全日本きもの研究会 きものQ&A
508. 7回忌に着る着物
質問者
こんにちは。 教えていただきたいことがあります。仏事にも着物にも疎いお洒落着専門のmegumiです。
5月半ばに 姑の7回忌があります。 着物で出席する場合 どのような着物を着るべきでしょうか?
江戸小紋は白黒ならば細かい竹縞しか持っていません。 あとの2着は 地味ながらもピンクが入っています。 帯は黒供帯ですか?
私の持っている物で 場にふさわしくないようでしたら 洋服で出席しようと考えています。
ゆうきくん
法事の着物については良く相談されます。法事は弔事ですからそれに相応しい着物というのは誰でも同意できるところです。
最上級の弔事の着物(変な言い方ですが)と言えばもちろん黒の紋付です。 帯は黒の帯(黒共名古屋や黒の袋帯など)です。
やや格を落とせば(これも変な言い方ですが)着物としては色無地(寒色系)や江戸小紋(黒または寒色系)があります。 帯は法事用帯(色共という場合もあります。グレーの帯です)になります。
さて、法事ではそれらの内、何を着て何を締めればよいのでしょうか。 法事は段階的に、通夜・告別式・葬式→五七日・四十九日→一周忌→三回忌→七回忌→十三回忌→・・・・・→百回忌と続きます。

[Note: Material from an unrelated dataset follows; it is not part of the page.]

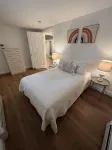 Coastal Cape Hideaway - Outdoor Shower & Fire-Pit!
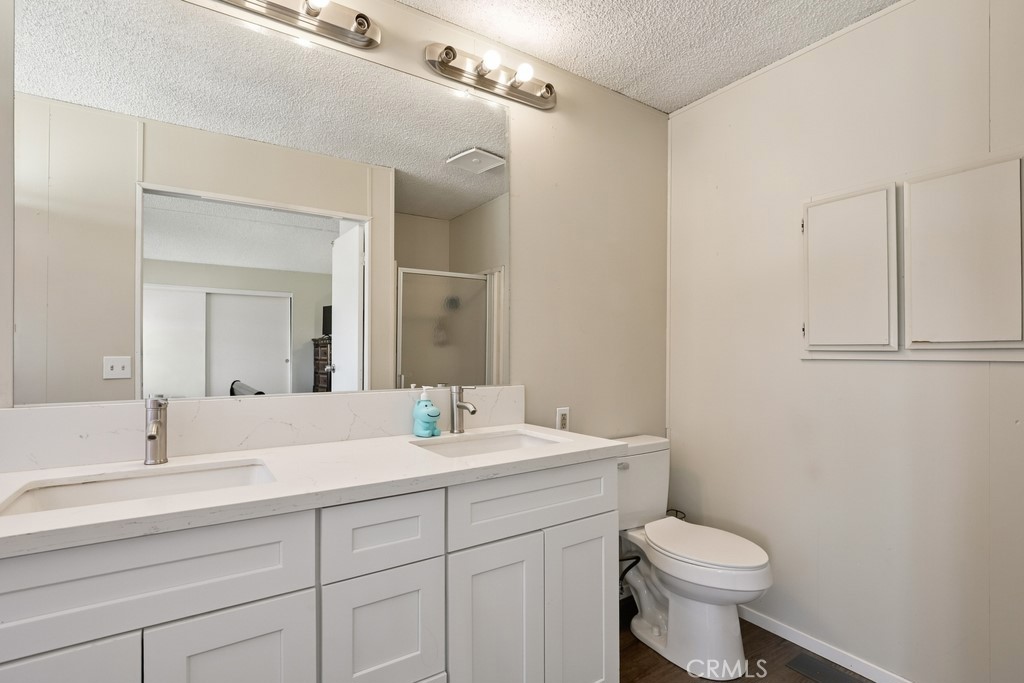 1930 Calaveras Road Pinon Hills, CA 92372 - Photo 22 of 30 Gallery Image 22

告別式・葬式では黒紋付(喪服)に黒の帯を締めます。 それから先は葬式から段々遠くなるわけですが、それらの法事で何を着るかと言う事は、その家や地方の慣習があり、必ずこうだとは言い切れません。
周囲の人に相談しながら着るものを決めるのが原則だと思います。
しかし、これでは答えにならないので私の考え、我が家の慣習として次のようなことを申し上げます。
一周忌まではやはり弔意を表すために黒紋付を着るべきと思います。 それ以後は、次第に着物を落としていっても良いと思います。 落とし方と言うのは次のようなバリエーションがあります。
1.色無地に黒帯
2.色無地に法事用帯
3.黒の江戸小紋に法事用帯
4.江戸小紋に法事用帯
5.色無地・江戸小紋に通常の帯(ただし赤系の色の入らない柄)
三回忌までは1や3でも良いと思いますが、外を歩く際に余り目立つようでしたら2でも良いでしょう。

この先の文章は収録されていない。